I'm not the only one who has experienced an ex-flame haunting the present. It's always awkward, right? You'll feel a mixture of resentment and embarrassment in this occurence. Also, your head will then entertain a series of "what-if" scenarios and endless reel of playbacks about bad times in the relationship.
However, it goes the same with situations where you wanted "out" but are trapped in the other person's need for a so-called closure. I write this because I recently experienced this exact thing. I just let him think what he wants to think and let him say what he wanted to say, just to get it over with. And I thought it was only women who need closure. I guess I was wrong then. Hehe.
I'm not gonna bore you with all the details. I just found it funny because he sounded like the wounded party during the conversation when in reality he was the one who did the leaving and disappearing, I mean, he said he was still bitter about it and had the audacity to be angry even after being such a jerk and an asshole in ending things with me! Hahaha. He was the one who chose to end it, on my birthday, mind you! Anyway, I was hurt and angry for a while but I realized that I really didn't want to be with him, anyway. That's why I almost married someone else after that [which didn't work out either! Teeheehee.].
Anyhoo, my message to the guy: "get over yourself! I've moved on several times over, you should, too! I don't really care if you really did love me. It's irrelevant now."

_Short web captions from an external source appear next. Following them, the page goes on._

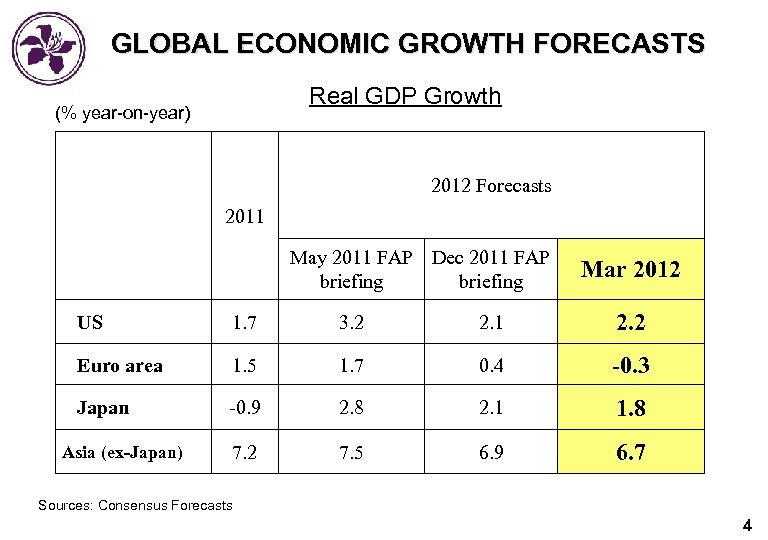 GLOBAL ECONOMIC GROWTH FORECASTS Real GDP Growth (% year-on-year) 2012 Forecasts 2011 May 2011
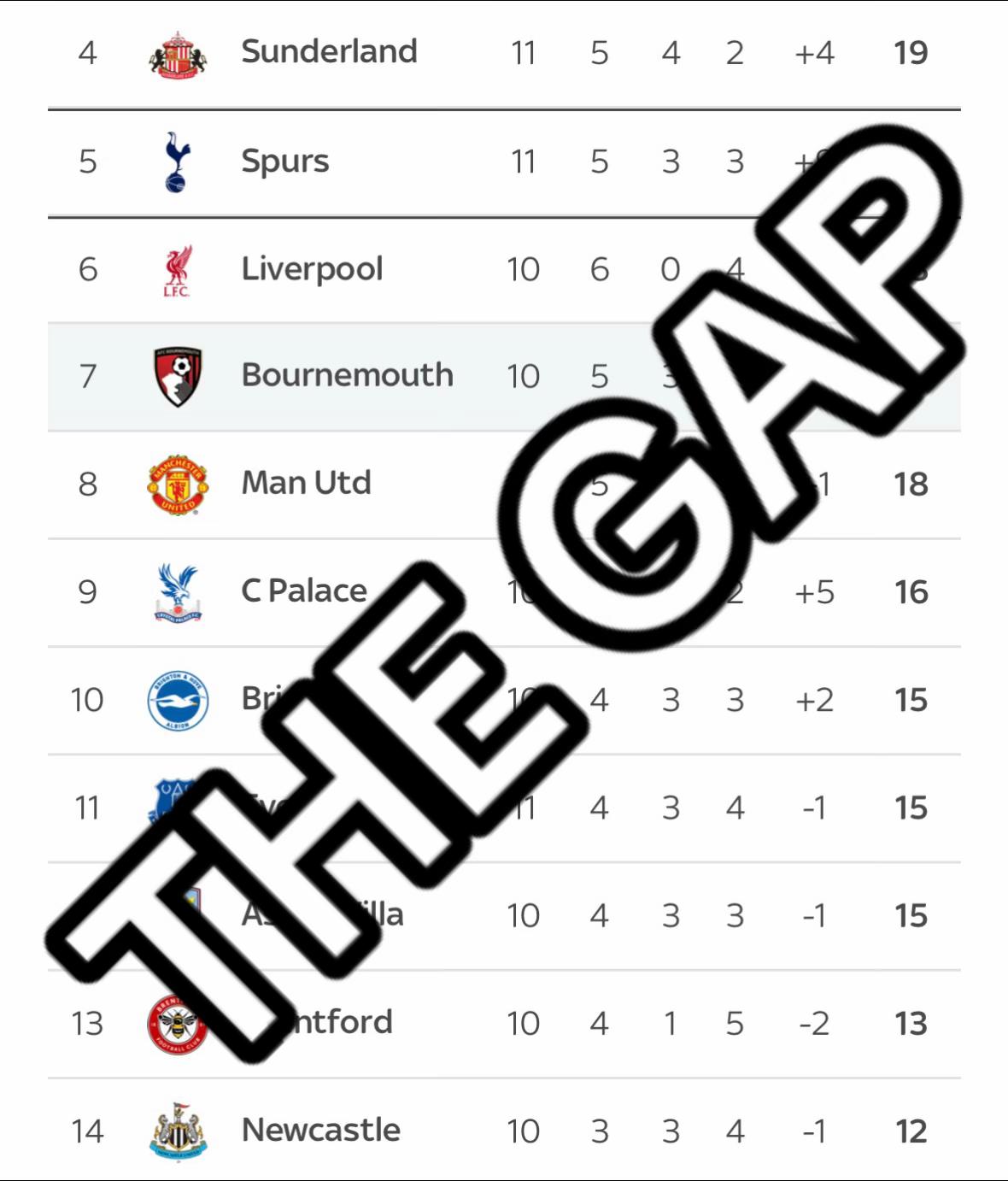 @safcsocial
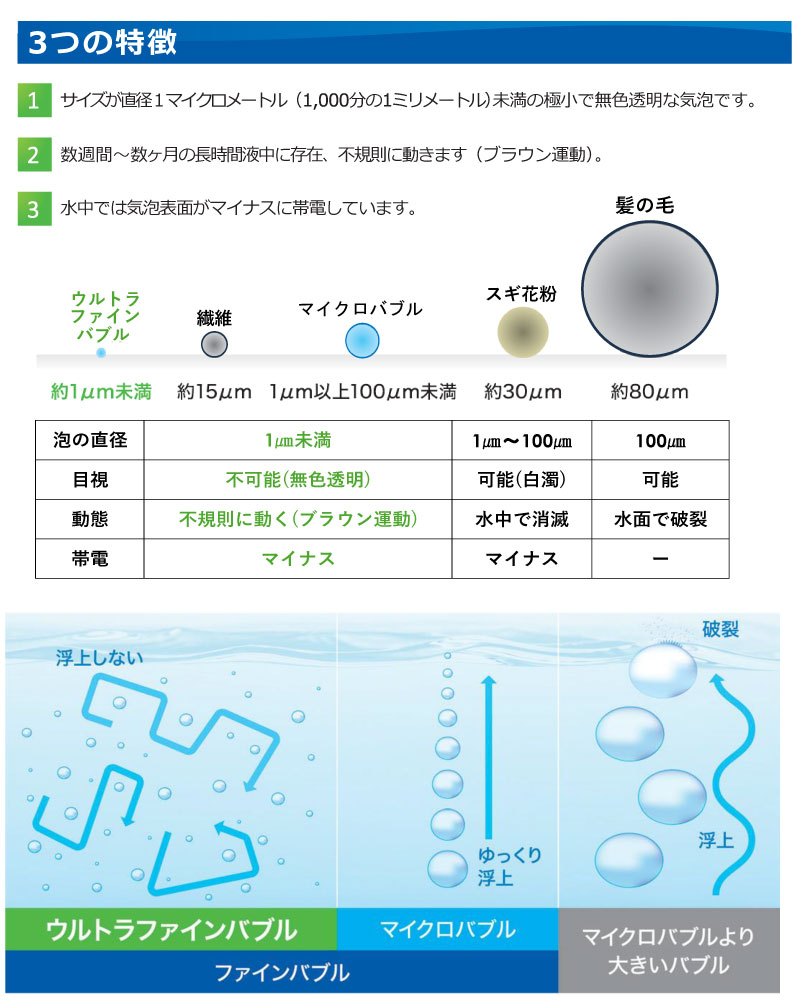 ウルトラファインバブル大きさイメージ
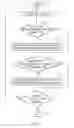 Fig. 02 - Software Code Retention Management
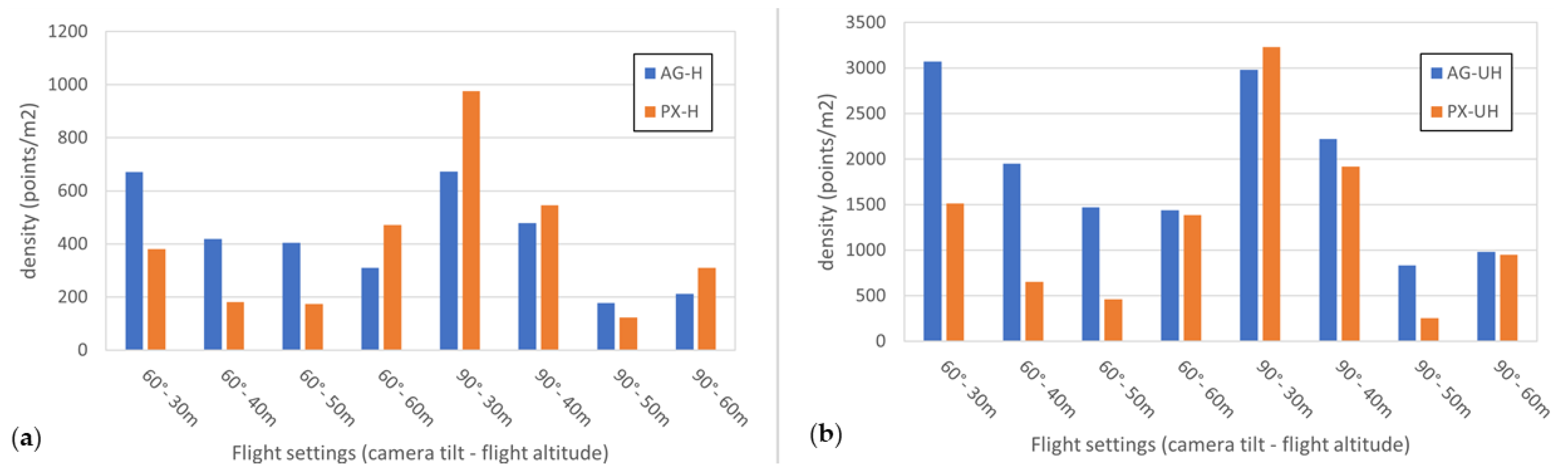 Drones 05 00043 g007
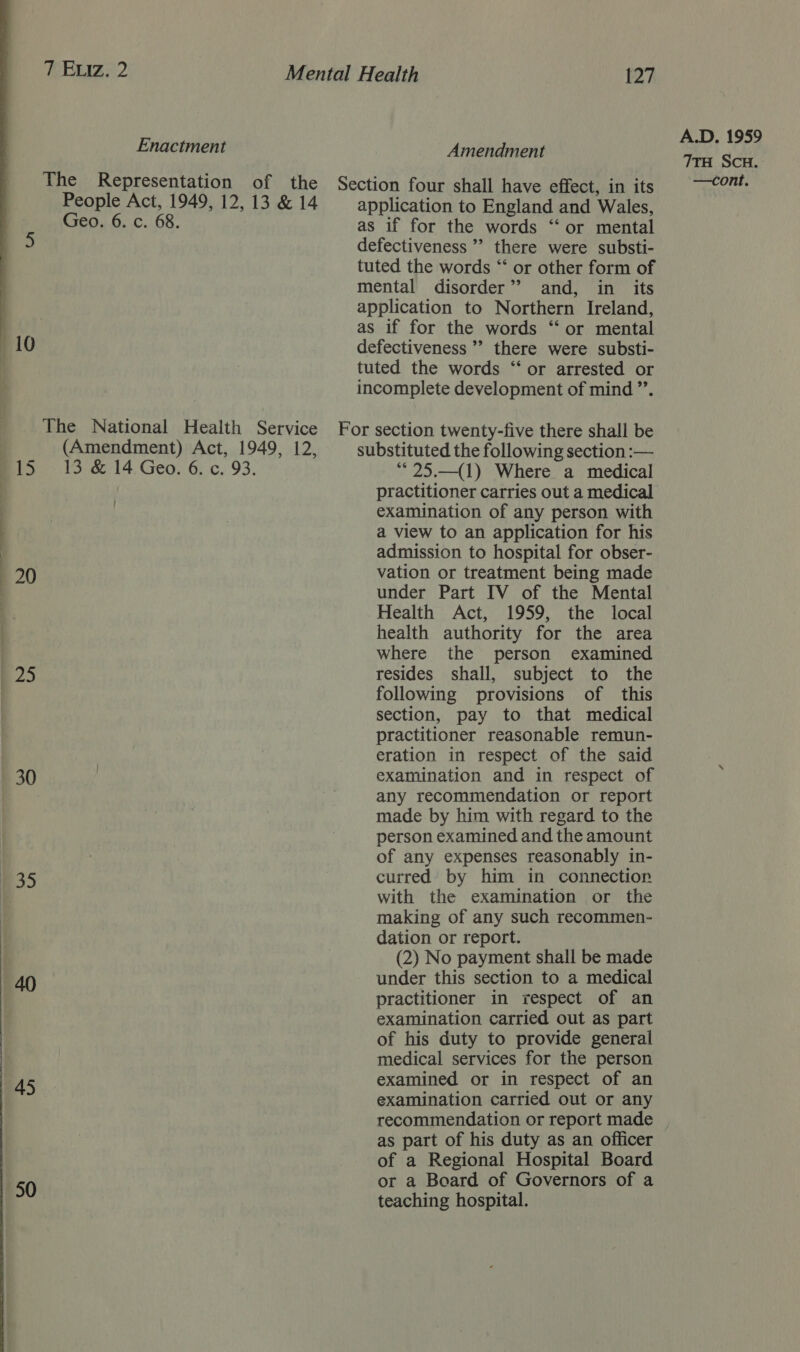  10 f15 f 25 30 £35  45 50 7 Eviz. 2 Enactment 127 Amendment People Act, 1949, 12,13 &amp; 14 Cye0,,.6..c.. 68. application to England and Wales, as if for the words “ or mental defectiveness ’’ there were substi- tuted the words “‘ or other form of mental disorder” and, in _ its application to Northern Ireland, as if for the words ‘‘ or mental defectiveness ’’ there were substi- tuted the words “‘ or arrested or incomplete development of mind ”’. (Amendment) Act, 1949, 12, 13 &amp; 14 Geo. 6. c. 93. substituted the following section :— **25.—(1) Where a medical practitioner carries out a medical examination of any person with a view to an application for his admission to hospital for obser- vation or treatment being made under Part IV of the Mental Health Act, 1959, the local health authority for the area where the person examined resides shall, subject to the following provisions of this section, pay to that medical practitioner reasonable remun- eration in respect of the said examination and in respect of any recommendation or report made by him with regard to the person examined and the amount of any expenses reasonably in- curred by him in connection with the examination or the making of any such recommen- dation or report. (2) No payment shall be made under this section to a medical practitioner in respect of an examination carried out as part of his duty to provide general medical services for the person examined or in respect of an examination carried out or any recommendation or report made as part of his duty as an officer of a Regional Hospital Board or a Board of Governors of a teaching hospital. A.D. 1959 7TH SCH.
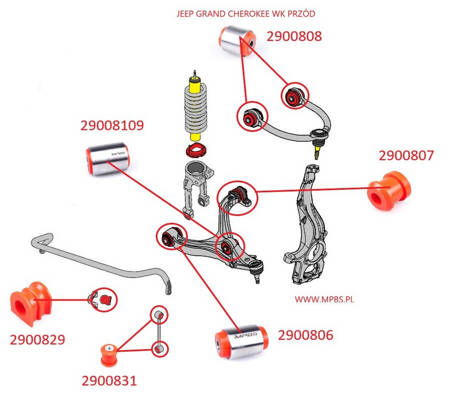 Sada pouzder předních příčných ramen - MPBS: 2900802 Jeep Grand Cherokee III WK/WH,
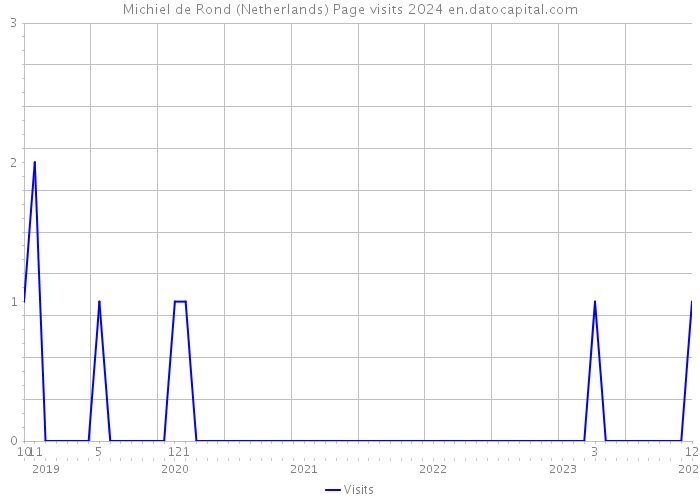 Michiel de Rond (Netherlands) Page visits 2024 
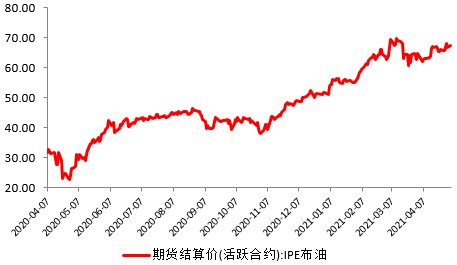 和合首创:4月全球资本市场回顾,经济持续复苏
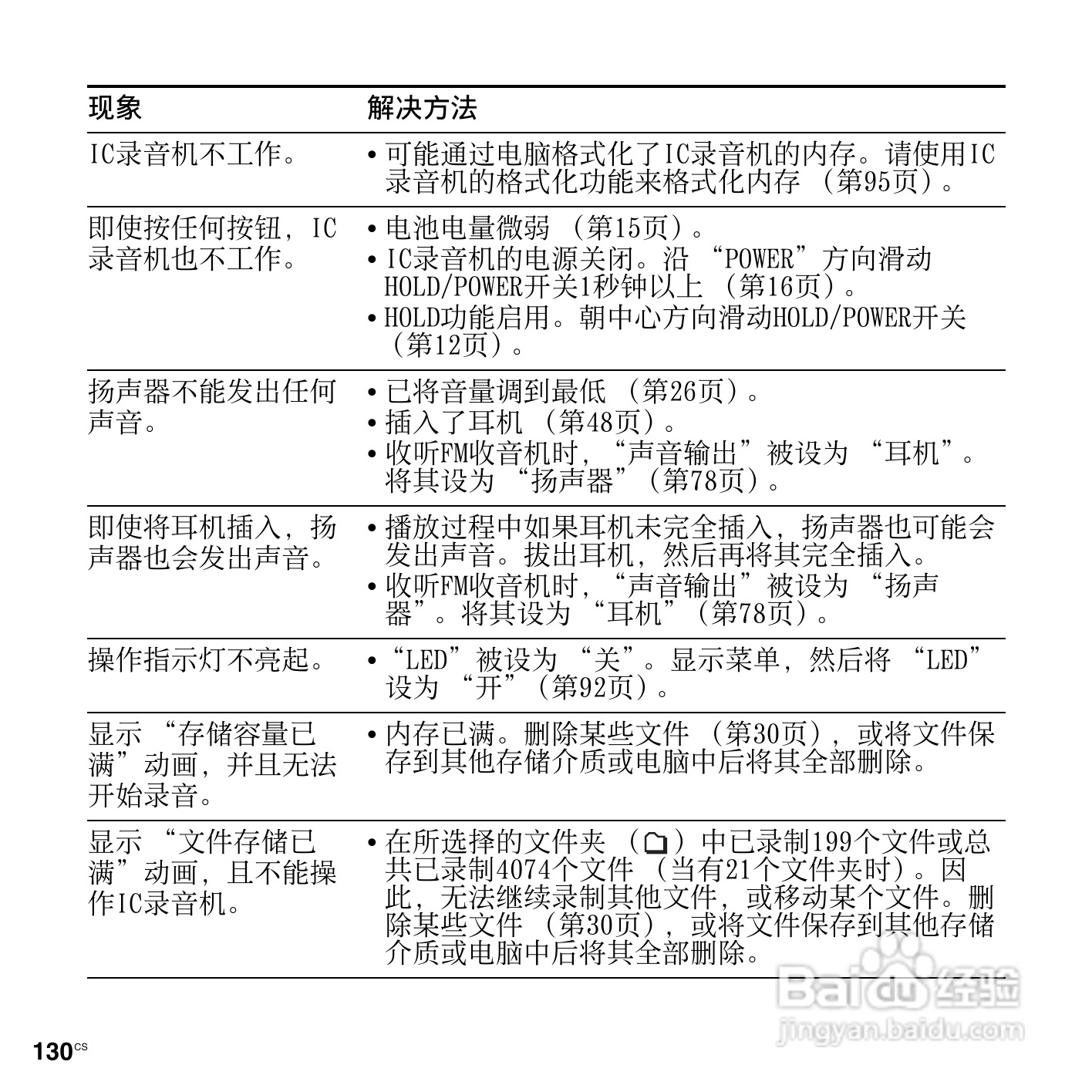 索尼ICD-UX513F数码录音笔使用说明书:[13]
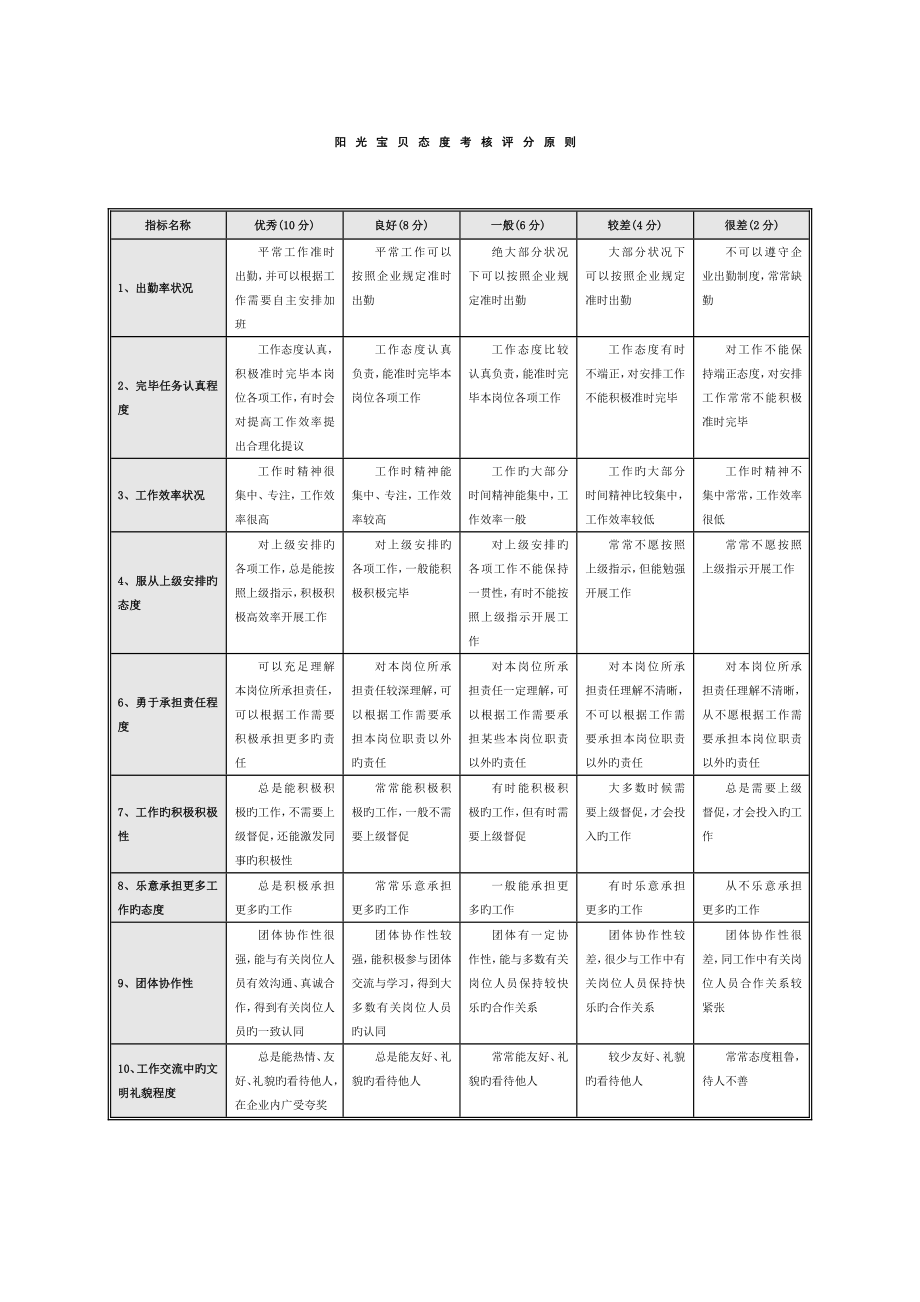 态度能力指标库与评分标准_第1页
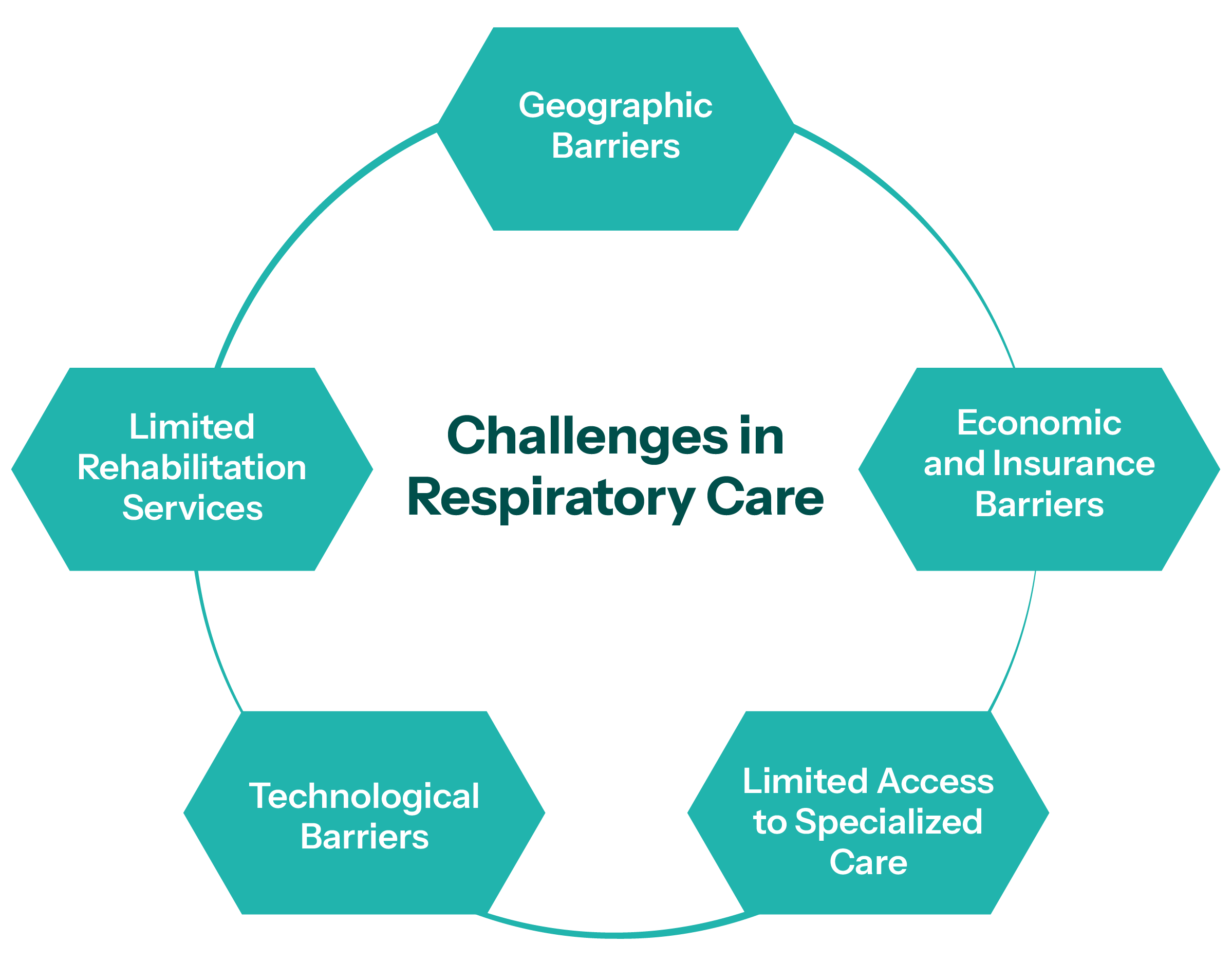 Challenges in Respiratory Care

Now, I've learned that once dropped, I'd rather not pick it up again no matter how much they claim that love can be sweeter the second time around. That cliche didn't turn out to be real for me. Yea, it's a been there, done that kind of thing. It's good to note, though, that I'm referring to the second try with my first love. Now that was a huge mistake! Hahaha. Oh, well. The past is where it should be, anyway.
To all the ex-flames, good riddance, I'd say.